Camille Imbault-Huart (1857-1897)
LA LÉGENDE DU PREMIER PAPE DES TAOISTES
Journal Asiatique, Novembre-Décembre 1884, Série 8, Tome 4, pages 389-461.
Extraits : L'ancêtre - Naissance - Début de prédication - Expériences alchimiques - Apothéose
- "Dans les pages qui suivent nous avons eu pour but de tracer aussi correctement que possible, d'après les ouvrages chinois seulement, l'existence réelle et fabuleuse de Tchang Taô-ling, et de faire connaître également ses ancêtres et ses descendants qui ont joué un rôle plus ou moins proéminent dans l'histoire politique et religieuse du Céleste Empire. Ce récit est en quelque sorte, ainsi qu'on le verra, un curieux chapitre asiatique de l'histoire de l'esprit humain : on y trouvera en germe, en effet, les idées surnaturelles et démoniaques qui fleurirent au moyen âge en Europe, et qui furent la cause directe ou indirecte de tant de maux. « Le corbeau est noir partout » dit avec raison le proverbe chinois : l'homme est le même dans tous les pays du monde, et les idées humaines affectent, dans les deux hémisphères, des caractères presque semblables dont les nuances ne sont autre chose que la conséquence logique de la différence des races, des époques et des civilisations."
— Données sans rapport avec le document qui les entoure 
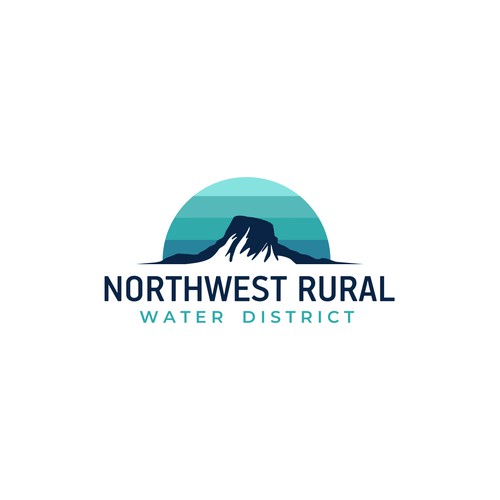 Northwest Rural Water District Design by funkyleviz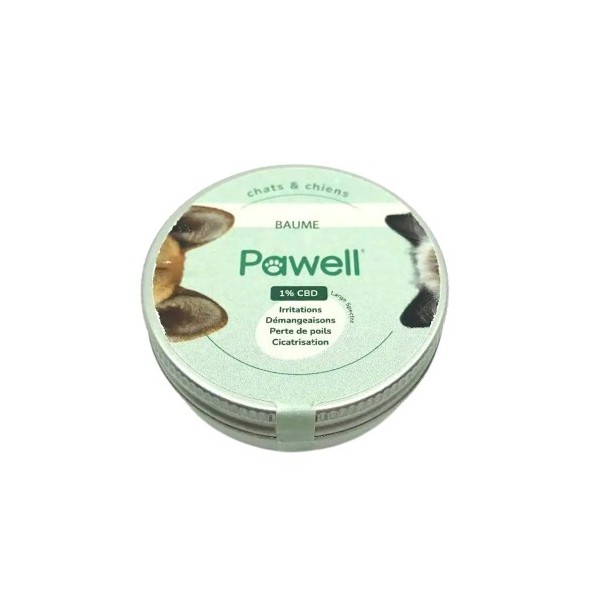 Bálsamo CBD calmante para animais | PAWELL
Son corps avait neuf pieds deux pouces de long ; ses sourcils étaient hirsutes ; son front, large ; son crâne, rouge comme le vermillon ; ses prunelles, vertes. Il avait un gros nez et des joues anguleuses ; ses yeux étaient triangulaires ; des cornes étaient cachées sous son crâne ; ses mains pendantes dépassaient le genou. Il s'asseyait avec la majesté du dragon et marchait avec la dignité du tigre. Tous ceux qui le regardaient le trouvaient plein de noblesse.
Tiré du Kié-tseu-yuan Houâ-tchouan
C'était environ deux siècles avant l'ère chrétienne : le terrible empereur des Ts'in connu
dans l'histoire sous le nom de Che Houang-ti, aussi célèbre par l'incendie des livres qu'il alluma que par la construction de la Grande Muraille dont il conçut le plan, mettait à bas, les unes
après les autres, toutes les petites principautés féodales qui constituaient la Chine de ce temps. Tout lui succédait : les villes les plus fortes se rendaient à discrétion, les troupes les mieux
aguerries pliaient devant ses phalanges, les princes les plus fiers se soumettaient à ses lois.
Le petit État de Han, qui occupait la région septentrionale de la province actuelle du Hô-nan et les plaines méridionales de celle du Chen-si et qui, depuis trois siècles, vivait avec douceur
sous l'autorité d'une famille nationale, ne manqua pas d'avoir le même sort que ses voisins : la raison du plus fort obligea son prince à descendre du trône. Dès lors, le pouvoir despotique et
abhorré de Che Houang-ti remplaça le gouvernement libéral des souverains de Han et le peuple dut désormais courber le front sous l'épée du vainqueur.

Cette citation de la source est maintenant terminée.